Project Summary
Sickle Cell Disease (SCD) is a common genetic condition that affects approximately 100,000 people of African
heritage in the US, and more than 4 million worldwide. The disease is caused by a single amino acid substitution
in b-globin that promotes a rigid sickle shape phenotype of red blood cells (RBCs) and eventually leads to
numerous clinical manifestations such as vaso-occlusive crises, hemolysis, peripheral tissue damage, renal
insufficiency, and premature death. Various therapeutic approaches have been approved or are in development
for SCD, including bone marrow transplantation, gene therapy, induction of fetal hemoglobin, and anti-sickling
agents. Clinically approved therapies often have limited effectiveness, significant side effects, or are too costly
to reach the majority of SCD patients. Treatment of SCD would be advanced by development of novel and
effective anti-sickling drugs. Our laboratory has developed an innovative imaging assay utilizing automated
microscopy and customized algorithms that detect the sickled phenotype of RBCs. This assay has been
miniaturized to the 1536-well plate format suitable for high throughput screening. Unlike previous approaches to
identifying anti-sickling compounds – which are often limited to drugs that interact directly with hemoglobin – the
new assay detects morphological changes in RBCs at very high throughput and provides identification of anti-
sickling agents targeting pathways modulating hemoglobin polymerization or RBC morphology, including
mechanisms that do not involve direct interaction with hemoglobin. This allows elucidation of new classes of
potential therapeutics for SCD, as well as novel tools for investigating the underlying mechanisms of hemoglobin
polymerization and RBC sickling. The overall goal of the R61 phase of this proposal is to generate anti-sickling
candidates for future pre-clinical and clinical studies.

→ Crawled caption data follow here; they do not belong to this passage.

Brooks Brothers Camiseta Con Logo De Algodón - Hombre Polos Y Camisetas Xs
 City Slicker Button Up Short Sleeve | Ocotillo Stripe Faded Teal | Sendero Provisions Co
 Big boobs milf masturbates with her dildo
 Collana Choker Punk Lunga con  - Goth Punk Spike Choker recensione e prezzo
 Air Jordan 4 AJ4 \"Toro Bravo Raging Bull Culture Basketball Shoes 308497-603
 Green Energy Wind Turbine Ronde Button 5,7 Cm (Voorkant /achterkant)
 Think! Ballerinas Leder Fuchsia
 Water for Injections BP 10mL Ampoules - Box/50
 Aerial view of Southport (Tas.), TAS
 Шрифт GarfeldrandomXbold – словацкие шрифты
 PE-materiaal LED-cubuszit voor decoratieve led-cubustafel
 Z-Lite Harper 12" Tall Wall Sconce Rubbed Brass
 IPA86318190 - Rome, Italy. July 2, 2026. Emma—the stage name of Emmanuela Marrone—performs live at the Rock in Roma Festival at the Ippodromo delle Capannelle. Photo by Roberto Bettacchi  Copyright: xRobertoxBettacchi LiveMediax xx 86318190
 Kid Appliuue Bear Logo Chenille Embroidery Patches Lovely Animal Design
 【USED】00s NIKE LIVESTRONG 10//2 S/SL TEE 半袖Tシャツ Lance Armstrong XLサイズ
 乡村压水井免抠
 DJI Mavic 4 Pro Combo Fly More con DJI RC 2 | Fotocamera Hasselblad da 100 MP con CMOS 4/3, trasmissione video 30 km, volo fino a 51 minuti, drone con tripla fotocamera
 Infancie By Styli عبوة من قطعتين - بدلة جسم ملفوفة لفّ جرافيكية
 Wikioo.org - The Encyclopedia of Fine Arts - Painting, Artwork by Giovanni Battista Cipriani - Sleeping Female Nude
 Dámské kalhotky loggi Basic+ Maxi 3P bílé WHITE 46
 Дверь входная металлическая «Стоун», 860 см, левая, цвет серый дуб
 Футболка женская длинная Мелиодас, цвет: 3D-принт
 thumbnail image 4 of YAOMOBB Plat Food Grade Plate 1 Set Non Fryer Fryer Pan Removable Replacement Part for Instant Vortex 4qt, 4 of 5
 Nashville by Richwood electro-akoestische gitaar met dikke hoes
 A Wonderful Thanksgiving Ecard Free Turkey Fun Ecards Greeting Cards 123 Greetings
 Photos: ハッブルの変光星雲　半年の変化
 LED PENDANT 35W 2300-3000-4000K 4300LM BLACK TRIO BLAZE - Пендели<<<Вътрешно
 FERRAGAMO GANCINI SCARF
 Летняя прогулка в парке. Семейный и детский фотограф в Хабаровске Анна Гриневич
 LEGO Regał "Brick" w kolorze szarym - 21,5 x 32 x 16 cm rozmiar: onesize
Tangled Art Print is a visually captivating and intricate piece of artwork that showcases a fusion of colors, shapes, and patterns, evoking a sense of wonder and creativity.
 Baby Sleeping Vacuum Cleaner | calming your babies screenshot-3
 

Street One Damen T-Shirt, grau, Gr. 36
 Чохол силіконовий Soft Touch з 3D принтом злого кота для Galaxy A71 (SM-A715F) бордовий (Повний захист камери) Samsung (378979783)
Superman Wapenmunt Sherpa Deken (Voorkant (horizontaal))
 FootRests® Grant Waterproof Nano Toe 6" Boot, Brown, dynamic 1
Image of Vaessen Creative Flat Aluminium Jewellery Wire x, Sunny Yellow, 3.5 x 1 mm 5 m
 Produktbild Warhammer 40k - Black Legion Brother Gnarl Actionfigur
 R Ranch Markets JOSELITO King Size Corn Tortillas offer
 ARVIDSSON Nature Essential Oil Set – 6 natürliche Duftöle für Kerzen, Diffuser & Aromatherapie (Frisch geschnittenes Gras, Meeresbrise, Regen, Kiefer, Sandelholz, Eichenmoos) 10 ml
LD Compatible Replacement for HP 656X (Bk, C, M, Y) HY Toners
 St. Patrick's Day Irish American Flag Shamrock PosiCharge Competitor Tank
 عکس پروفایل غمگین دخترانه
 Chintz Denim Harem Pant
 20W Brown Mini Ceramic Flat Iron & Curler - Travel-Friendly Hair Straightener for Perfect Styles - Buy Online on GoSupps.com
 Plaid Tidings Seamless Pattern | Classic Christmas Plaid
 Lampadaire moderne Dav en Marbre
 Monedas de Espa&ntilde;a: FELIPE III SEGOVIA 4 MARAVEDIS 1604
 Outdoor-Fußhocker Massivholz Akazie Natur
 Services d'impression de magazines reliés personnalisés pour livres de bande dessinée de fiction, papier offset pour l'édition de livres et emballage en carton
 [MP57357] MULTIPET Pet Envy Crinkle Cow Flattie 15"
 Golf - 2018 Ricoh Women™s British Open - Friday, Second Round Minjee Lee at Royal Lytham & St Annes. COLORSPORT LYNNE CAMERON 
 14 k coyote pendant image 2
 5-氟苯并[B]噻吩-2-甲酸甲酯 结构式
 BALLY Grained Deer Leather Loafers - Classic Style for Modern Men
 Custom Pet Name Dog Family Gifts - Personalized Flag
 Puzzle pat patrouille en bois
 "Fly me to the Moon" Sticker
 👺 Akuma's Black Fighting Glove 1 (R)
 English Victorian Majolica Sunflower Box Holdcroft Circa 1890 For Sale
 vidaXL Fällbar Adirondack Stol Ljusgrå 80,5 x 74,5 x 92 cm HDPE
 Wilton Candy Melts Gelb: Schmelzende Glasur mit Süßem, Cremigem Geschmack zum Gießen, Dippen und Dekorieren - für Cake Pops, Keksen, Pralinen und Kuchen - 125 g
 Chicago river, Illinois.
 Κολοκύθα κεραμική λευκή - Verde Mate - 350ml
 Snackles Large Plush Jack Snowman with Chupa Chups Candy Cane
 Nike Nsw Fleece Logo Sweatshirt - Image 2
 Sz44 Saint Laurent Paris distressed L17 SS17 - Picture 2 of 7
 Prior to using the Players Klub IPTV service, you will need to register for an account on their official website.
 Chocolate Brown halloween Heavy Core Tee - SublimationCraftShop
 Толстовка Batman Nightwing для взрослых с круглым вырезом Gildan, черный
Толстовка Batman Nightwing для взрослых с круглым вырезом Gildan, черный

We will carry out large scale, high throughput drug
screening to identify molecules that prevent sickling of diseased RBCs. The resulting hits will be verified in dose
response and a series of secondary assays. Lead compounds will be selected based on physiologically
acceptable changes of hemoglobin oxygen affinity and RBC membrane deformability. Further optimization will
be carried out in the R33 phase by medicinal chemistry. As part of the R33, lead scaffolds will be synthesized
and evaluated for anti-sickling potency, hemoglobin oxygen affinity, and improved RBC membrane deformability
to identify agents best suited for animal safety and efficacy studies. Townes HbSS mice expressing human globin
genes will be used to test short term lethality, efficacy of anti-sickling activity, RBC oxygen affinity, and RBC half-
life in vivo. As the final deliverable of this proposal, 3 or more drug candidates that are safe and efficacious in
the mouse model will be selected for future pre-clinical studies.